The Electoral College will meet on Monday to vote to determine who won the presidential election. The expected winner is President-elect Joe Biden, but some of President Trump’s allies in Congress have already hinted they won’t accept this result — even after the Electoral College makes it official.
Last month, Republican Rep. Mo Brooks of Alabama announced his intention to challenge the Electoral College’s votes if Biden is declared the winner. Several House Republicans have since joined Brooks’s effort, according to Axios, though he’d need at least one senator to sign on to his written objection in order for it to move forward in Congress. It is not clear whether any senators will object.
Brooks will certainly receive support in the House, though. More than 100 House Republicans, including House Minority Leader Kevin McCarthy of California, signed onto Texas’s failed lawsuit in an attempt to overturn the results of the presidential election in four battleground states. And on Sunday, Republican Lousiana Rep. Steve Scalise refused to say whether Republicans would consider Biden the president-elect after the Electoral College casts its votes.
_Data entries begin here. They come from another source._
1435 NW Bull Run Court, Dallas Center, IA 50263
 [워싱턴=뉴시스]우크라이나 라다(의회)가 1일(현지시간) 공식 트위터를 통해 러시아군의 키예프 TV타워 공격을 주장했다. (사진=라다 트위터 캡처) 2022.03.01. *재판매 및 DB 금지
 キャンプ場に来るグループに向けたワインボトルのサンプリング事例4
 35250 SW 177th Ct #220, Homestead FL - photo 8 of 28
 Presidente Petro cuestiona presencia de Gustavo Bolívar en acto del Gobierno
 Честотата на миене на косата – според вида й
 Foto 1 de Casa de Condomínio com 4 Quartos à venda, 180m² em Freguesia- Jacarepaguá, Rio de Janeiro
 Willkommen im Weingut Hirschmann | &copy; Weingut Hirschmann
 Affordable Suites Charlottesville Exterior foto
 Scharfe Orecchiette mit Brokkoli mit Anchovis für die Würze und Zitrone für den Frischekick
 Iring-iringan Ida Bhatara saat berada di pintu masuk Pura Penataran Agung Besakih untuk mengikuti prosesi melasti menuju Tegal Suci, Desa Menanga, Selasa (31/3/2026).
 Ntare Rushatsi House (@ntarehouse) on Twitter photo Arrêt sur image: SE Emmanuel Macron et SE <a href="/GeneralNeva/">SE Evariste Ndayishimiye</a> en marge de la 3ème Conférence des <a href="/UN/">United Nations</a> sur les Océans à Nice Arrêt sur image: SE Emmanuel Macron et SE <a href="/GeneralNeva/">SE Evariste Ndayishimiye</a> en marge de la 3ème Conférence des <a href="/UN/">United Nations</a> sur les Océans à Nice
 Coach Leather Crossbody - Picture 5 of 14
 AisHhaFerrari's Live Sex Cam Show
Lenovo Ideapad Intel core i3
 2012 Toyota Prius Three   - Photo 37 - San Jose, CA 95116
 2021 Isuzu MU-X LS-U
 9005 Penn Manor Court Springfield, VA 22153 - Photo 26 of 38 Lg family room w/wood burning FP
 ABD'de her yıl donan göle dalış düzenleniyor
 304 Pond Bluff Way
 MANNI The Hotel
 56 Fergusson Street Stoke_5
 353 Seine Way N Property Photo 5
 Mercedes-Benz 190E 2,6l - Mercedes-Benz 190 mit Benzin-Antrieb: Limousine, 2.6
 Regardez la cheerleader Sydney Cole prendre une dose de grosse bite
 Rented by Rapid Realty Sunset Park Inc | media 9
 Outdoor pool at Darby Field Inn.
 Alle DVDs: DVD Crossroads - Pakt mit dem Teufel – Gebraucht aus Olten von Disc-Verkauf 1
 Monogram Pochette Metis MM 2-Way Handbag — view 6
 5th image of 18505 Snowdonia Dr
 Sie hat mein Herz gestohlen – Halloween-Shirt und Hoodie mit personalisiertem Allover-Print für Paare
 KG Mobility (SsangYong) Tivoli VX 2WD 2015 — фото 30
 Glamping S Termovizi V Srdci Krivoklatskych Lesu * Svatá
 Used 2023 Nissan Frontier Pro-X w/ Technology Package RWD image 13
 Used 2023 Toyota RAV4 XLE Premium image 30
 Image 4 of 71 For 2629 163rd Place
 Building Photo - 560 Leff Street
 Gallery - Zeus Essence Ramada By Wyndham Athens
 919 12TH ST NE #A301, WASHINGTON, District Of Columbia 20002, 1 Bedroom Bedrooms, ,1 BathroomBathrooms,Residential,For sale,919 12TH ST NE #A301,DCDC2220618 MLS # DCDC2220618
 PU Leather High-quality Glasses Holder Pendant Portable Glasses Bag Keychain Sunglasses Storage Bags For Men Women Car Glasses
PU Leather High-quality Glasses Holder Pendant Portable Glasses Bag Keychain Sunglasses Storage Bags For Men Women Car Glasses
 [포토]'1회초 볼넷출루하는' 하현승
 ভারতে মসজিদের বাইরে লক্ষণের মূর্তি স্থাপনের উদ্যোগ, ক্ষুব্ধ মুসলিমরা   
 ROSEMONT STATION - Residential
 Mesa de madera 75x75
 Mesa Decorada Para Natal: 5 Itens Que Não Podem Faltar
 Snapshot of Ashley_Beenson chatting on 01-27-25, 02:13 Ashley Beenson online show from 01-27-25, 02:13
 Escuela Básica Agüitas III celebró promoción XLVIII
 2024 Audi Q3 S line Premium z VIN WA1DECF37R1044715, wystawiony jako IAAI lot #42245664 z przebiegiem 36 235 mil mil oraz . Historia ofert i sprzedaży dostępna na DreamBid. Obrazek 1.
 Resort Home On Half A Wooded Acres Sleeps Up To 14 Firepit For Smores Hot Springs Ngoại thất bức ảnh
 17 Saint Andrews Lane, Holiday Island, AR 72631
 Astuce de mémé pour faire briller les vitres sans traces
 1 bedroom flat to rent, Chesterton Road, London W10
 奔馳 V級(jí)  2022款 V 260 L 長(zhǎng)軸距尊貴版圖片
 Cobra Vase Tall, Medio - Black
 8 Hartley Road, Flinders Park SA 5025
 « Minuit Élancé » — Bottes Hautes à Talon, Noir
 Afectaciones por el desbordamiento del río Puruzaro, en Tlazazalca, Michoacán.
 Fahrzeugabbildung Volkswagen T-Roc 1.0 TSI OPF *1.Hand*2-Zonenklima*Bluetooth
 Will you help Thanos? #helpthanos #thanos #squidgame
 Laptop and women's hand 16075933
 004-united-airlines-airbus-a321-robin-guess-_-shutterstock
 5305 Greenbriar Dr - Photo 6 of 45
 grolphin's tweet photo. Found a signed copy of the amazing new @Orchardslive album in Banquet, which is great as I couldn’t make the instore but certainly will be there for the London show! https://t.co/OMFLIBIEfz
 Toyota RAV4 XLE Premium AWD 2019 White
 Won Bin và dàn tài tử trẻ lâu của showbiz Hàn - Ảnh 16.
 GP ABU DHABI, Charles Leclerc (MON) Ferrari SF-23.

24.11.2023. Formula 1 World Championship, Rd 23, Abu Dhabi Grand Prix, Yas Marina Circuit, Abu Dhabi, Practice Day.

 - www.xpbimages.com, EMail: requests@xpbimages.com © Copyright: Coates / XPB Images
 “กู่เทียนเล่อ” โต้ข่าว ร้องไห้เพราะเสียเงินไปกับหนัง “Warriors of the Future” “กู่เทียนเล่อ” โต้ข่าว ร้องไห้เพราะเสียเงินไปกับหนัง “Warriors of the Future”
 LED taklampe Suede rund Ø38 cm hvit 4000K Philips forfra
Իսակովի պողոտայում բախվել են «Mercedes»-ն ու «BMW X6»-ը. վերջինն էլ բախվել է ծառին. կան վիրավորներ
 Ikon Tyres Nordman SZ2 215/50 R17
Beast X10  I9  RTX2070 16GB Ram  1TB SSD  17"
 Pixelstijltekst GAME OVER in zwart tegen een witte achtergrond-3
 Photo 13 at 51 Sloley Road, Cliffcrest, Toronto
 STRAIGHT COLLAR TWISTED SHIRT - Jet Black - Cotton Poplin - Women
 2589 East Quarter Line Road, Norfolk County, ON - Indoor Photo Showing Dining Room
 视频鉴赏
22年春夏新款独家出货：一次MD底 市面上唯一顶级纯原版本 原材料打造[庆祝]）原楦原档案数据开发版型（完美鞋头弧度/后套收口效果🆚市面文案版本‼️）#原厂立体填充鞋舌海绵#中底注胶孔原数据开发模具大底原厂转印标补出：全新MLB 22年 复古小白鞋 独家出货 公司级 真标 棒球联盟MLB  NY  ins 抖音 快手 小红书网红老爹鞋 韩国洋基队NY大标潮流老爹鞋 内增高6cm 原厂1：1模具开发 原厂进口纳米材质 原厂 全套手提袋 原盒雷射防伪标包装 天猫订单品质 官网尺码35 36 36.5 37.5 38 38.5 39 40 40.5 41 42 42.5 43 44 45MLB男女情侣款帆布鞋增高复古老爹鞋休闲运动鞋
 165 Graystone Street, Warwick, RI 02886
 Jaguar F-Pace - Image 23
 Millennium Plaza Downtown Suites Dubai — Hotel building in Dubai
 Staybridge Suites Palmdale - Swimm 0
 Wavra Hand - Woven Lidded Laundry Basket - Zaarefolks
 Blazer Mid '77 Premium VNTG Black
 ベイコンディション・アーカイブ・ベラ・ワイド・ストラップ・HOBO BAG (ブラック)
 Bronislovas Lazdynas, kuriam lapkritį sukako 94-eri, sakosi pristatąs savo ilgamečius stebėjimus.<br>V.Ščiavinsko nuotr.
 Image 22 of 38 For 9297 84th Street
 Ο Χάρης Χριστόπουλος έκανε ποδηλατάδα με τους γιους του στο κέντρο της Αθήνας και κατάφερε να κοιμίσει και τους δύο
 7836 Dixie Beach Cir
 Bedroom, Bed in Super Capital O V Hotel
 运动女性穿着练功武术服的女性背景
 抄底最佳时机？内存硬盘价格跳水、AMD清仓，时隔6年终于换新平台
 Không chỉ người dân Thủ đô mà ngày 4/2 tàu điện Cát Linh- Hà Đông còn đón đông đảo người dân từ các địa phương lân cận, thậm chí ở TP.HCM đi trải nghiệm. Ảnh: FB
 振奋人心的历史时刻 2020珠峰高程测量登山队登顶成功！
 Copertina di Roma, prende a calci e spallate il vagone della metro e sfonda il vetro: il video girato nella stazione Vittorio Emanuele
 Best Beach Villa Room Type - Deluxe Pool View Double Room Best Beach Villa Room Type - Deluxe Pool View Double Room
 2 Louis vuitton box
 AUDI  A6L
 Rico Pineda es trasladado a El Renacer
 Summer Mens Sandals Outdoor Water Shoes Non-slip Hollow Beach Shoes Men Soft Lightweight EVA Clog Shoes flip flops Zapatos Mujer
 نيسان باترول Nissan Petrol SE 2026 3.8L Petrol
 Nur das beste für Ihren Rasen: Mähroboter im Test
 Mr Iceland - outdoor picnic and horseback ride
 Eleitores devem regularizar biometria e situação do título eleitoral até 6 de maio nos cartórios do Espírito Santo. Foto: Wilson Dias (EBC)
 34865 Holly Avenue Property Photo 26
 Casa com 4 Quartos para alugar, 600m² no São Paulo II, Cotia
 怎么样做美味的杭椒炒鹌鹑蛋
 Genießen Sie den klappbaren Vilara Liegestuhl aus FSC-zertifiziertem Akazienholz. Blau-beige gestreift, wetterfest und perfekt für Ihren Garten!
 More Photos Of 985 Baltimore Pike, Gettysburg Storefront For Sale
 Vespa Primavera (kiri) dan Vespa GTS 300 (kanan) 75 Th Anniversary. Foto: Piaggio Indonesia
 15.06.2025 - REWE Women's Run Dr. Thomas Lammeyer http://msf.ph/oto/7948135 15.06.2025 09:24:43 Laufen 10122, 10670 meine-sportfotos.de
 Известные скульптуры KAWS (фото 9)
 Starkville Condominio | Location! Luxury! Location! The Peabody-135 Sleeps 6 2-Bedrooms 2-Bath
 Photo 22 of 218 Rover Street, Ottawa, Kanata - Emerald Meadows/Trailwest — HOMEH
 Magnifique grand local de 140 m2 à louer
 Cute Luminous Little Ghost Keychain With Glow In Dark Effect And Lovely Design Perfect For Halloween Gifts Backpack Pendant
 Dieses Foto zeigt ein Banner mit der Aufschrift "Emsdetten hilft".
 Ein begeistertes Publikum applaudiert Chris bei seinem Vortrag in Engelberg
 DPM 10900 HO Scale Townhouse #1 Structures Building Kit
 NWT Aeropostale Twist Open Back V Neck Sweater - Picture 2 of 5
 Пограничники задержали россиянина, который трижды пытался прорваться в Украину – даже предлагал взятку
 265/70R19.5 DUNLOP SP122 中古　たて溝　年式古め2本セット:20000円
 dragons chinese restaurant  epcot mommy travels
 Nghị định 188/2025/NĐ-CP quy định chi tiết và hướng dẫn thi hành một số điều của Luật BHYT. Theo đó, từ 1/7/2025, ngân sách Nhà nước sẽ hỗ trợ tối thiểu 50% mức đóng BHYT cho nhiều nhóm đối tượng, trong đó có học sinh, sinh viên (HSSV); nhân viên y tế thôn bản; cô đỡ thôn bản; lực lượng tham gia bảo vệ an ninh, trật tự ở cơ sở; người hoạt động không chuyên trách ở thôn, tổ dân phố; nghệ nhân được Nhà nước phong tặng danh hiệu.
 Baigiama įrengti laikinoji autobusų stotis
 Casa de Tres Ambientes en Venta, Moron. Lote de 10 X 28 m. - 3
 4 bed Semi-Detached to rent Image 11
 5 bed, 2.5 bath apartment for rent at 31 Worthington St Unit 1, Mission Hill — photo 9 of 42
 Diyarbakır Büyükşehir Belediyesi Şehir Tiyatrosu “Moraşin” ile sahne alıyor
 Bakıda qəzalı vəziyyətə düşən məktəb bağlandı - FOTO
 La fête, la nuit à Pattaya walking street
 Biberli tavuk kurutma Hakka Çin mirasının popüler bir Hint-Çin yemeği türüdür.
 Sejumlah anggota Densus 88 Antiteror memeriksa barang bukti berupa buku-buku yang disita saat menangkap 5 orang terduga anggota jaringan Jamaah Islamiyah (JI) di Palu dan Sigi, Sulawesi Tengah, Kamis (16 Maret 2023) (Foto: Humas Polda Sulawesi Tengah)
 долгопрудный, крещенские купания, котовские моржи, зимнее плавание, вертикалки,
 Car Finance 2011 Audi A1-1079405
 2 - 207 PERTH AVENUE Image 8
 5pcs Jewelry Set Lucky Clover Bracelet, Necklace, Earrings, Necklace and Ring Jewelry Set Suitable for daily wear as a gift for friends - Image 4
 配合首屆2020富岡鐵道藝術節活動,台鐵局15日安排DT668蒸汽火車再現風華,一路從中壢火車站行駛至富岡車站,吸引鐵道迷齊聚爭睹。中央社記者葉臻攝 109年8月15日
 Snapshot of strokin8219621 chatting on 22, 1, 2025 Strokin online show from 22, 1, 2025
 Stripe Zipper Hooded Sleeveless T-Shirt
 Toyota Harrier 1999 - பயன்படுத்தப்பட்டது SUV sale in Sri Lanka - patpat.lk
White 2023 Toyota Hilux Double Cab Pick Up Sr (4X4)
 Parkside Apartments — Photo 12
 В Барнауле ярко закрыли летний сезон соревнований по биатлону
If Republicans were smart, they’d leave Brooks hanging. Trump has lost his case at almost every level of government: local county election boards, state legislatures, state and federal courts, and most recently, the Supreme Court. This election has been decided, and any attempt to delay or overturn its results should be seen as an illegitimate attempt to circumvent the will of the American voters and the governments that represent them.
Even if Brooks does successfully rope a senator into his objection, he will not change the outcome. At best, he will delay the process by forcing a two-hour debate period in both the House and the Senate. But that doesn’t make Brooks’s maneuvering any less serious. Even failed attempts to bypass our constitutional order can do lasting damage to its institutions.
Which is exactly what’s happening right now. By entertaining and promoting Trump’s election fearmongering, Republicans are setting a horrible precedent — one that will encourage political parties not to concede or admit defeat until they are forced to do so, and maybe not even then. This has serious implications for the transition of power and the country’s cultural well-being.
Republicans will have the opportunity this week to do the right thing and allow the electoral process to move forward without interruption. The outcome will be the same either way: Biden will be elected president. But how they choose to respond will make all the difference.